Could you please retype all of the records exactly, skipping any pictures?

Content starts

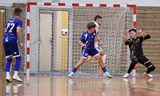SK Amor Vyškov : Jungheinrich Baník Chomutov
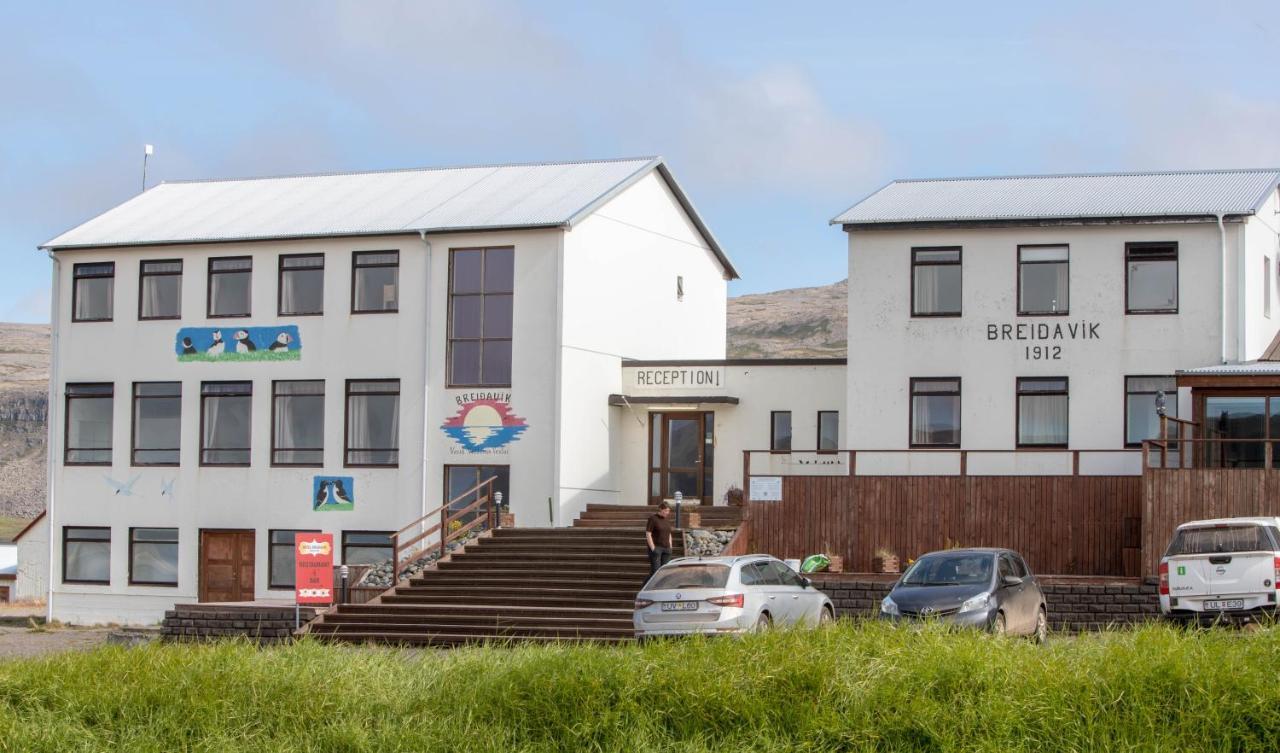 Hotel Breidavik Breithavik エクステリア 写真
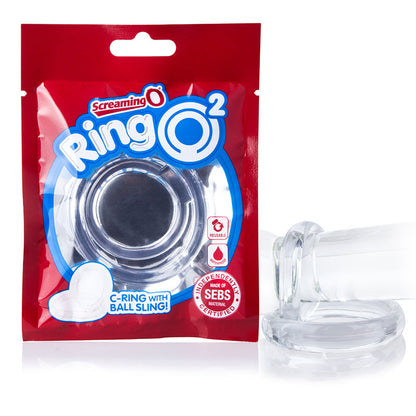 SCREAMING O - RINGO2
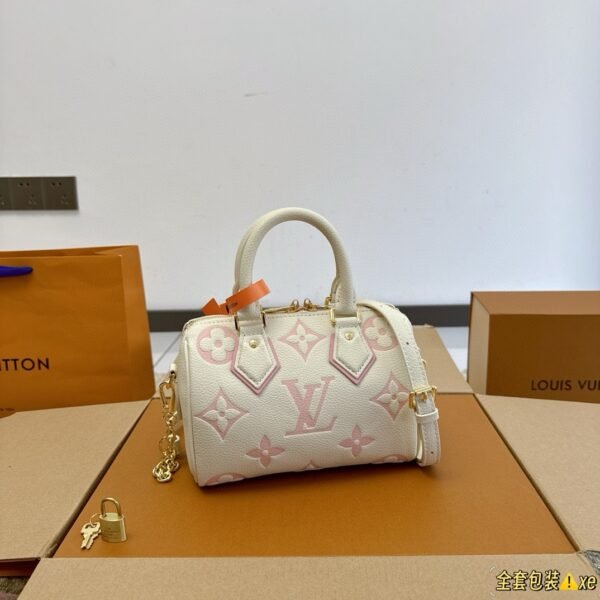 LV Speedy Bandoulière 20 - Bag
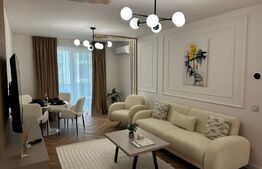 Apartament cu 2 camere, 58 mp, Mobilat LUX, Parcare, Elite City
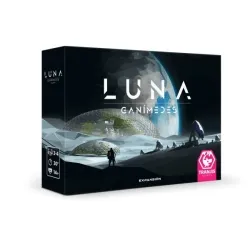 Ganímedes: Luna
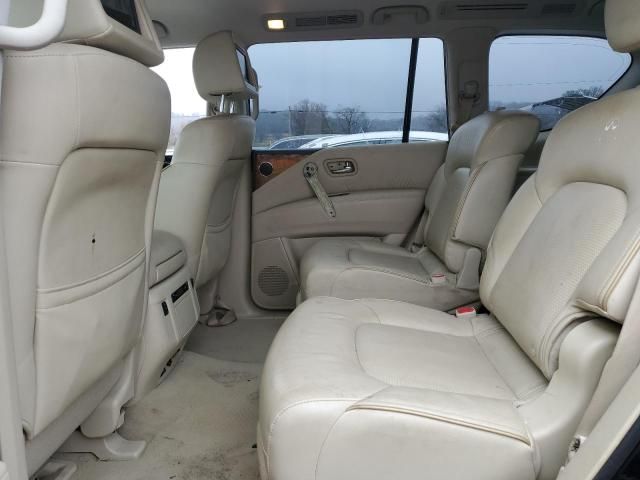 2014 Infiniti QX80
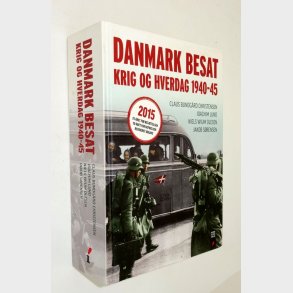 Danmark besat: Claus Bundg�rd Christensen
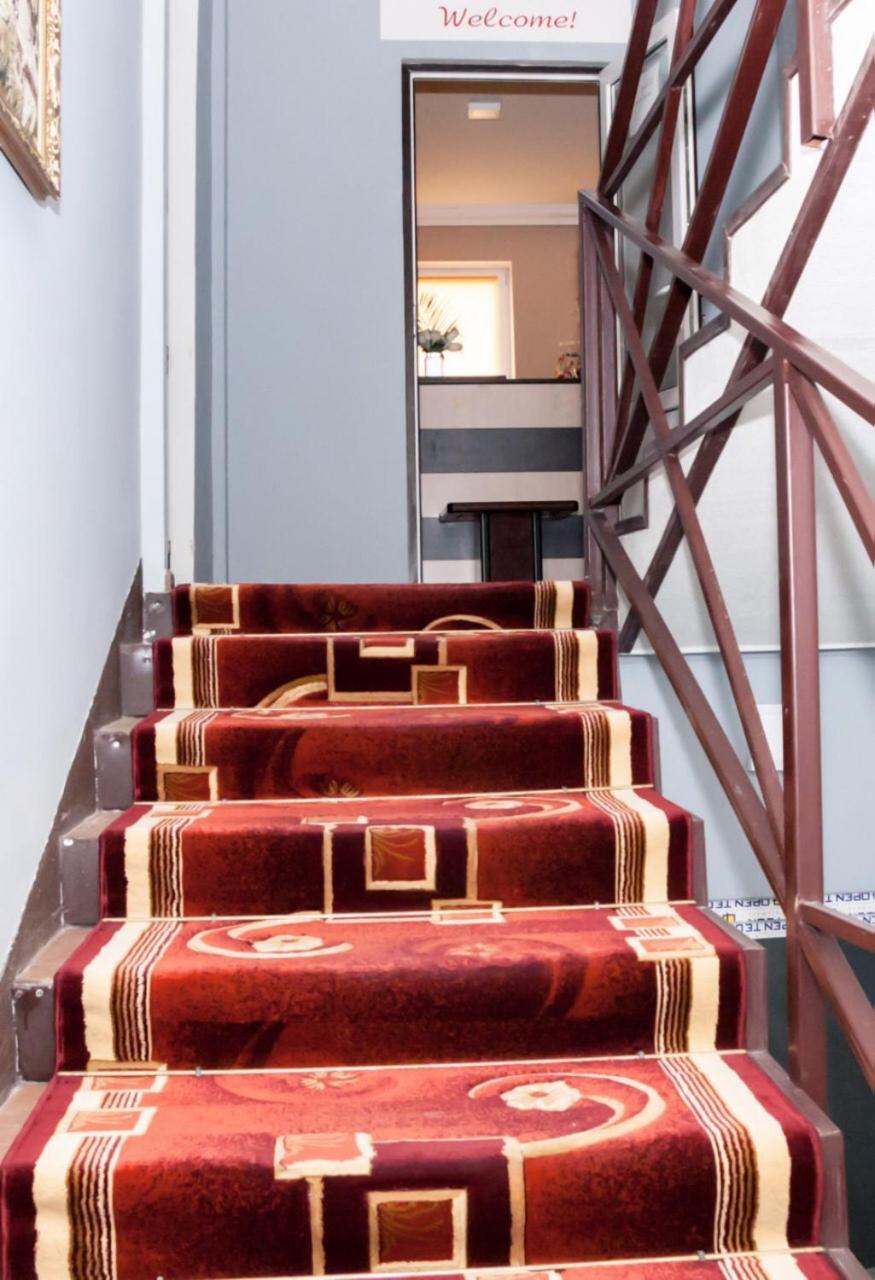 Hotel 7/24 Browary Zewnętrze zdjęcie
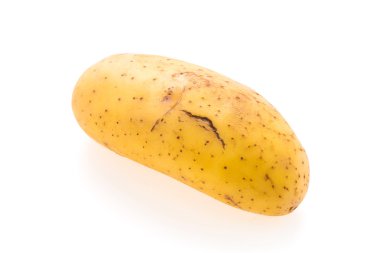 kahverengi patates sebze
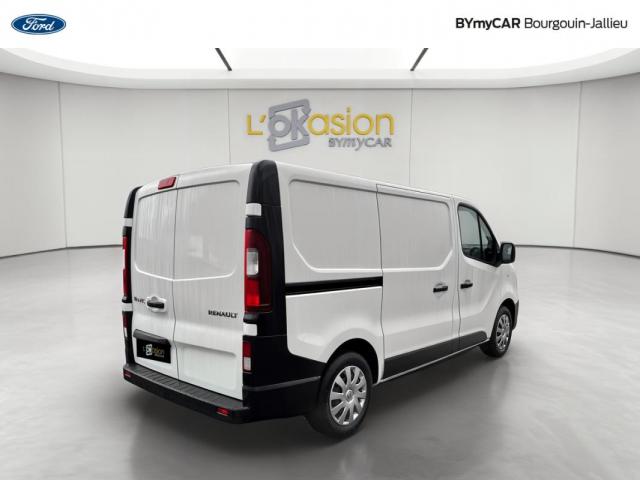 Renault Trafic image 9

Content ends

■ Exercise result
SK Amor Vyškov : Jungheinrich Baník Chomutov
 Hotel Breidavik Breithavik エクステリア 写真
 SCREAMING O - RINGO2
 LV Speedy Bandoulière 20 - Bag
 Apartament cu 2 camere, 58 mp, Mobilat LUX, Parcare, Elite City
 Ganímedes: Luna
 2014 Infiniti QX80
 Danmark besat: Claus Bundg�rd Christensen
 Hotel 7/24 Browary Zewnętrze zdjęcie
 kahverengi patates sebze
 Renault Trafic image 9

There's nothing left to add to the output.